Because 74 percent ($686 million) of the Department of the Interior’s total R&D budget is allocated to the USGS, the bureau was responsible for developing a plan to comply with the OMB memorandum. The USGS Plan focused specifically upon the USGS’ public access activities, policies, and plans as they affect both intramural and extramural research and development activities. It also required that data be stored in a USGS Trusted Digital Repository. Because of their aforementioned research on preservation policies, the Sub-Committee was tasked with establishing standards for evaluating USGS data repositories and their trustworthiness.

Methods

Comprised of volunteer staff representing the fields of archival science, digital libraries, computer science, information technology, publishing, and the information sciences, the Sub-Committee evaluated several existing criteria developed by other organizations in order to identify elements relevant to the USGS’s pursuit of establishing Trusted Digital Repositories. The USGS sought methods that would be considered transparent, authoritative, and scalable allowing minimal to wide interagency use. The criteria and approach also had to be applicable to the USGS in that the anticipated level of effort and the direct costs associated with utilizing a specific implementation could be attainable. Lastly, the USGS sought an approach that offered certifications from a reputable organization. The individual criteria sets examined are outlined in the sections that follow.
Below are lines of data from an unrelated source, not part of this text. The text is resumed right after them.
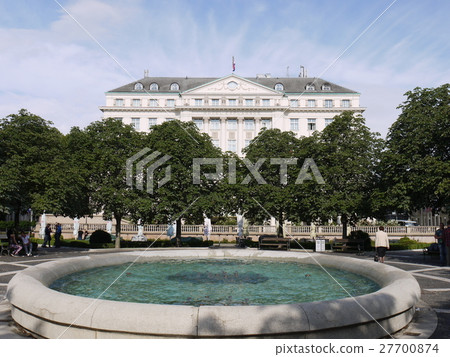 Esplanade Esplanade 27700874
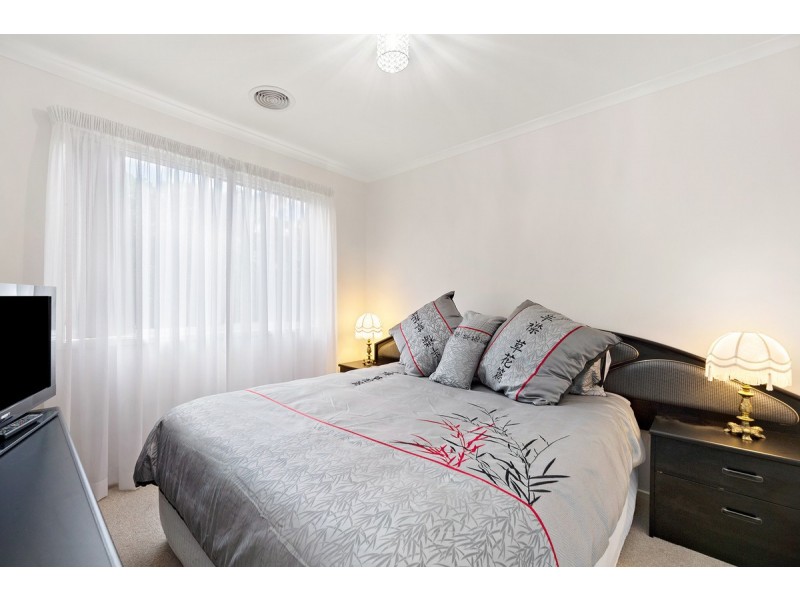 1/24 Helen Mayo Crescent, Bonython ACT 2905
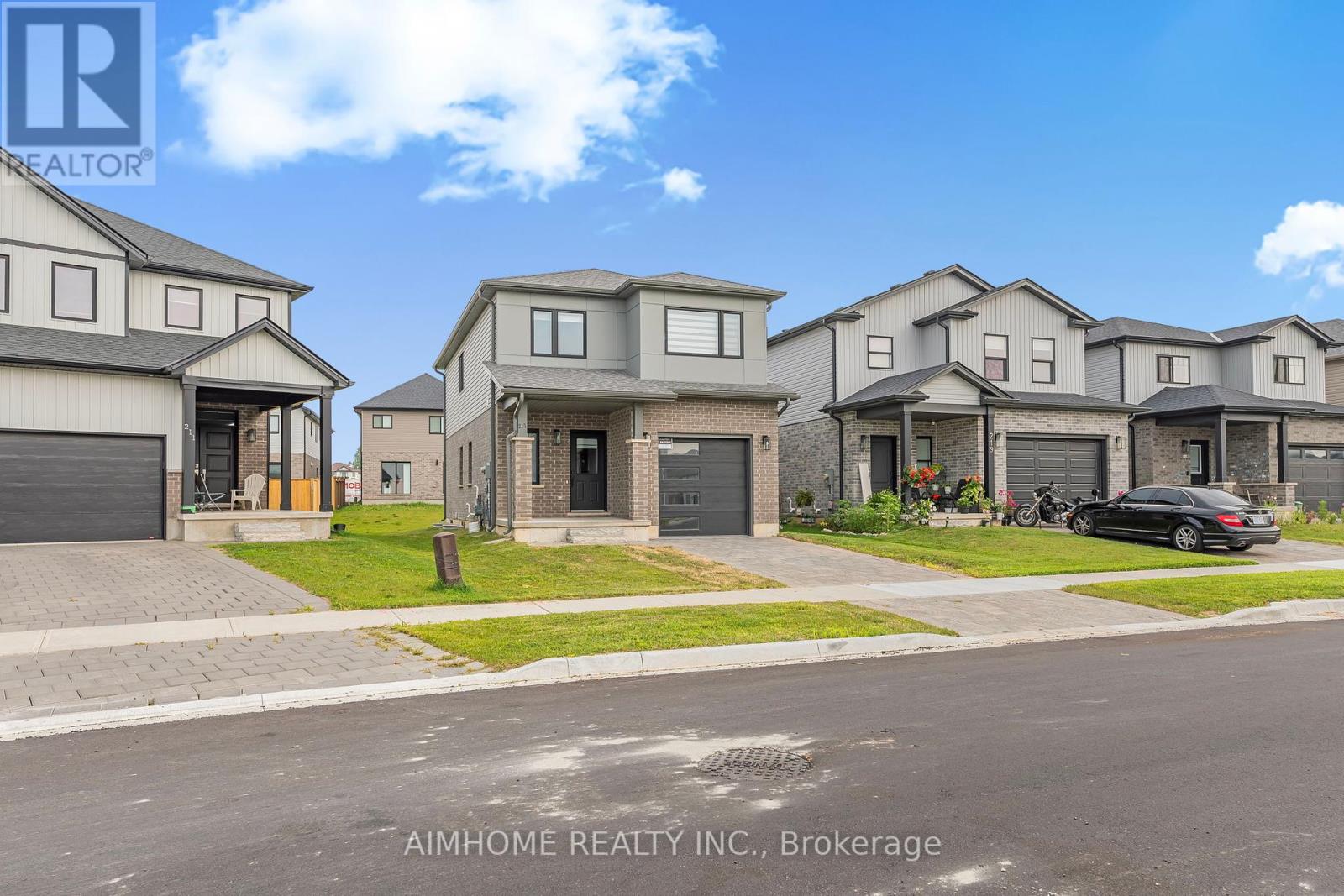 215 Byers St, London, ON N6L 0J2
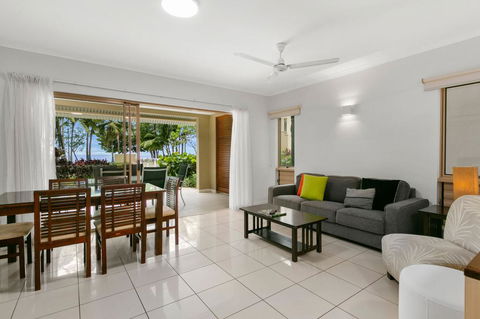 Amphora Resort Luxury Private Apts - Accommodation Whitsundays 3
U.S. Federal RIM Maturity Model

The first criteria reviewed was the U.S. Federal Records and Information Management Program Maturity Model (), which included categories such as Management Support & Organizational Structure, Policy, Standards, & Guidance, and RIM Program Operations. The categories were then further sub-divided as illustrated below:

  • Management Support and Organizational Structure
    • Strategic Planning
      1. Management and leadership incorporate RIM as a strategic element of the agency’s/component’s business and mission.
      2. RIM program has strategic goals and objectives.
      3. Management places RIM within the part of the agency/component that provides RIM visibility, authority, and sufficient resources.
    • Leadership and Management
      1. Leadership and management at all levels endorse the RIM program.
      2. Leadership and management consider records and information valuable assets.
      3. Agency/component assigns authority and delegates responsibility to personnel with skill sets that align with assigned RIM activities.
    • Resources (Agency/component provides:)
      1. Appropriately qualified and trained RIM staff;
      2. Sufficient numbers of dedicated staff to meet agency needs for program implementation;
      3. Funding for continuing education for RIM staff; and
      4. Sufficient funding for services, equipment, technology and acquired resources.
    • Awareness (The extent to which the agency/component:)
      1. Has an established method to inform all personnel of their records management responsibilities in law and policy;
      2. Has developed a communications program that promotes awareness; and
      3. Continuously provides up-to-date RIM policy and guidance to all personnel.
  • Policy, Standards, and Governance
    • Policy, Standards, and Governance Framework
      1. Agency/component assigns responsibility for developing RIM policy, standards, and governance.
      2. RIM policy, standards, and governance are documented in an understandable manner.
      3. RIM policy, standards, and governance are based upon legislative and statutory regulatory requirements and professional standards.
    • Compliance Monitoring
      1. Performance measures and goals are established at the agency/component and program levels.
      2. The agency/component has mechanisms in place to monitor and review compliance with RIM policy, standards, and governance.
      3. Compliance is measured and reported (internal audits, reviews, and evaluation).
    • Risk Management
      1. Agency/component identifies and analyzes internal and external risk to agency/component records and information.
      2. Agency/component determines who is best to manage or mitigate the risk and what specific actions should be taken.
      3. Agency/component monitors the implementation of actions to management or mitigate risk.
  • Internal Controls are defined as: control activities or processes that provide a reasonable assurance of the effectiveness and efficiency of operations and compliance with RIM policies and practices such as approvals, authorizations, verifications, reconciliations and segregation of duties. The agency/component:
    1. Identifies and develops internal controls; and
    2. Uses internal controls to ensure compliance with RIM policies, standards, and governance.
  • RIM Program Operations
    • Lifecycle Management
      1. Records and information are managed throughout the lifecycle: creation/capture, classification, maintenance, retention, and disposition.
      2. Records and information are identified, classified using a taxonomy, inventoried, and scheduled.
    • Retrieval and Accessibility
      The level to which records and information are easily retrievable and made accessible when needed for agency/component business.
    • Integration
      1. RIM is integrated into agency/component-wide business processes.
      2. Recordkeeping requirements are integrated into information systems and contracted services.
      3. RIM staff participate in system acquisition, development, and/or enhancements.
    • Security and Protection
      1. Agency/component has policies in place to protect records and information from internal and external threats.
      2. Agency/component has systematic identification and protection of records and information essential for an emergency or Continuity-of-Operations (COOP) event.
      3. Agency/component provides guidance on the handling of records and information exempt from disclosure.
      4. Agency/component has access controls and safeguards for security classified information as well as other types of restricted information.
    • Training
      1. Agency/component ensures that all staff are trained on their records management responsibilities.
      2. Agency/component supports professional development for RIM personnel.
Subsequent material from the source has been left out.